Levi credited Anderson with taking the time to research what it takes to develop in the heart of the city. The two traveled to Philadelphia and met with UpLift Solutions, a nonprofit organization that has helped similar projects be successful.

The store is expected to include a community room and a family-style restaurant, employee 60 to 80 people and have an annual payroll of $8 million to $10 million, Levi said. The business intends to provide employment chances to ex-felons and person with disabilities.

Levi praised the city with pushing for the development and stepping up with incentives to make it feasible, noting the project could not happen without the assistance.

“This grocery store is an answer to numerous requests from neighbors and citizens who have expressed a desire for a grocery store nearer their homes and work places,” said Mayor Quentin Hart. “The jobs it will bring are a plus for Waterloo.”

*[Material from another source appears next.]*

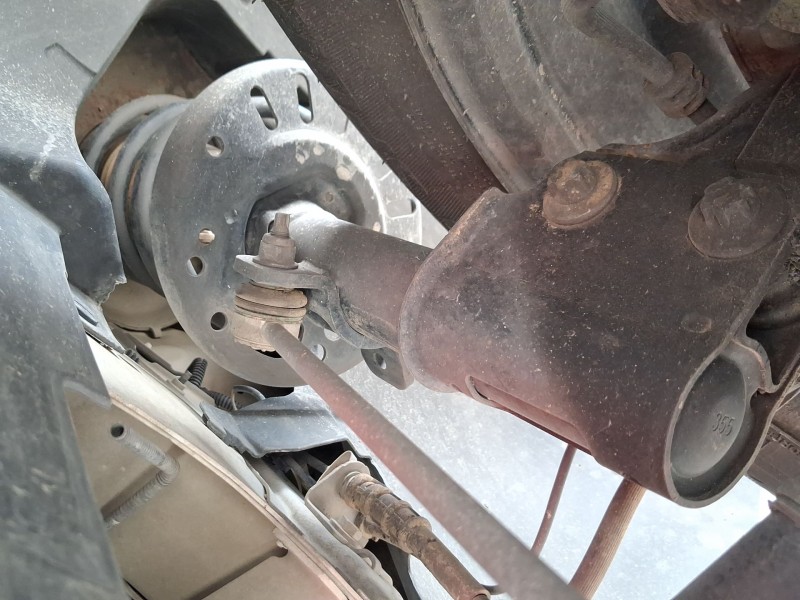 Recambio de amortiguador delantero izquierdo para peugeot rifter 1.5 bluehdi 100 referencia OEM IAM 9826260680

Former City Councilman Willie Mae Wright, who lives near the site, called the pending supermarket the latest stroke of good fortune for the Walnut Neighborhood.

“Everybody’s really excited about it,” she said. “We want it.”

The neighbors also have seen a strip mall, including a Harold’s Chicken restaurant, and a hardware store open in the past year. The city recently inked a deal with JSA Development to renovate four historic houses as part of an overall housing push in the Walnut Neighborhood.

Community Planning and Development Director Noel Anderson said the Walnut Neighborhood Association has listed a grocery store among its greatest needs, and the city previously sought federal grants based on the area’s designation as a “food desert.”

“I think the site serves the area nicely to be on both Highway 63 and Franklin because of the traffic,” Anderson said. “But it could also help serve the downtown residential (development) in that location.”

The city has been seeking a developer for the location since CVS purchased and demolished the former Immanuel Lutheran Church and School in 2012 to make way for the new pharmacy.

The property was shown to quite a few grocery store chains before Rodney Anderson, who previously developed a nearby strip mall housing Earth’s Beauty Supply and Harold’s Chicken, stepped forward.

Central Holdings LLC would be buying the bulk of the property from CVS for roughly $750,000.

The city would provide a $400,000 grant and 10 years of 80 percent property tax rebates to cover the acquisition, Noel Anderson said.

The city is negotiating with House of Hope to buy the women’s and children’s shelter at 222 Walnut Street and an adjacent parking lot owned by Dave Larsen, who owns the nearby Walnut Court apartments.

The development agreement anticipates the city will demolish the House of Hope building and deed the land to the grocery store project. Should the buyout fail, the store would need to be scaled down to 18,000 square feet.

House of Hope acquired an office building at 845 W. Fourth St. two years ago, announcing at the time the building would be renovated into a new women’s and children’s shelter.